### Your task:
Return, exactly and with nothing added, the line with "Mężczyzna z uśmiechem, trzymający" together with all lines after it through the end of the data below. No pictures belong in the copy.

Short text fragments from websites
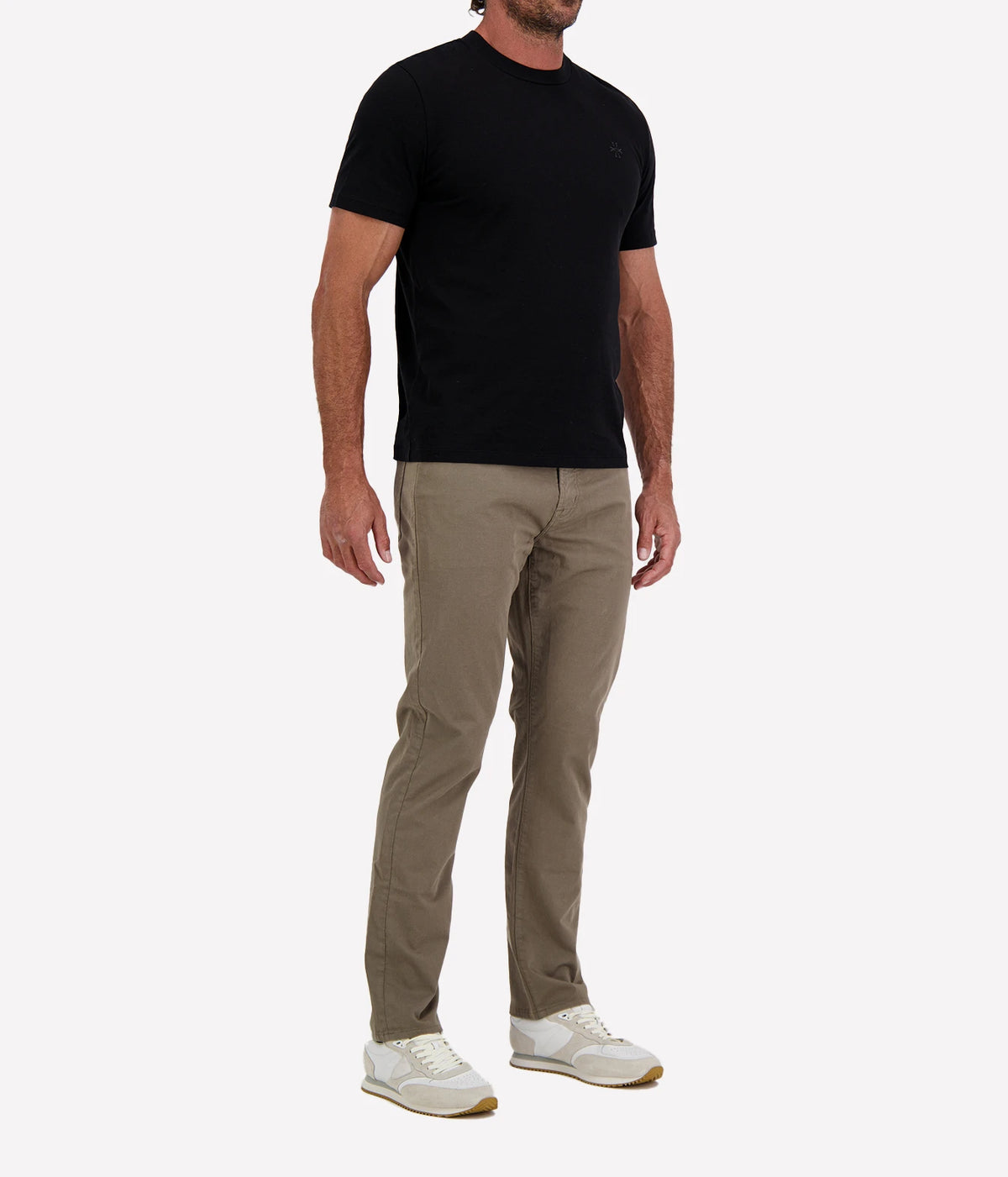 Man wearing Jacob Cohën Girocollo Costina T-Shirt in Black with khaki chinos and white sneakers, angled front view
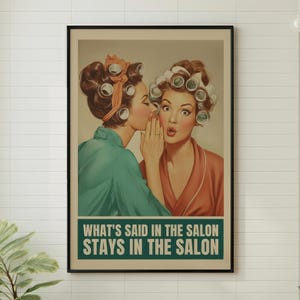 May include: Framed vintage-style print featuring two women in curlers, one whispering to the other. The woman being whispered to has a surprised expression. The print has the text "WHAT'S SAID IN THE SALON STAYS IN THE SALON".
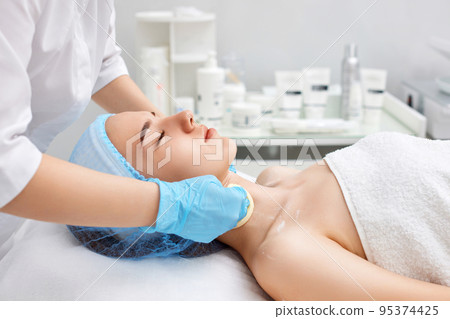 beautician cleanses skin of beautiful woman with a sponge. beautician cleanses skin of beautiful woman with a sponge. 95374425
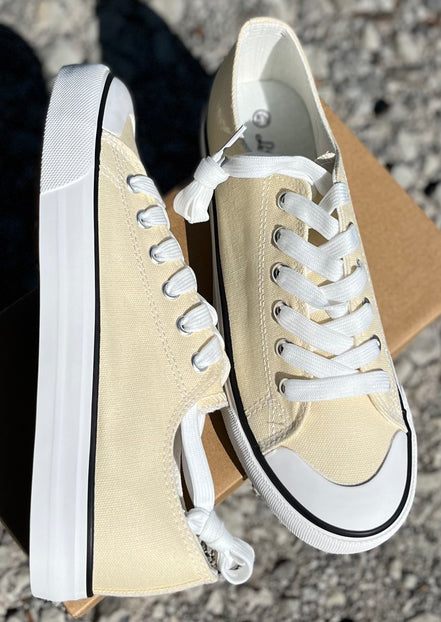 Classic FASHION EMPORIO sneakers with white laces and rubber soles, displayed on a neutral background.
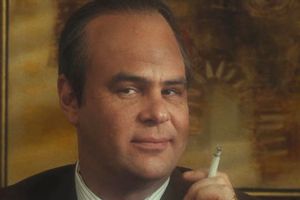 Mężczyzna z uśmiechem, trzymający papierosa, w garniturze.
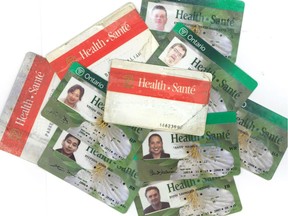 A number of OHIP cards are shown in this file photo.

### Task result:
 Mężczyzna z uśmiechem, trzymający papierosa, w garniturze.
 A number of OHIP cards are shown in this file photo.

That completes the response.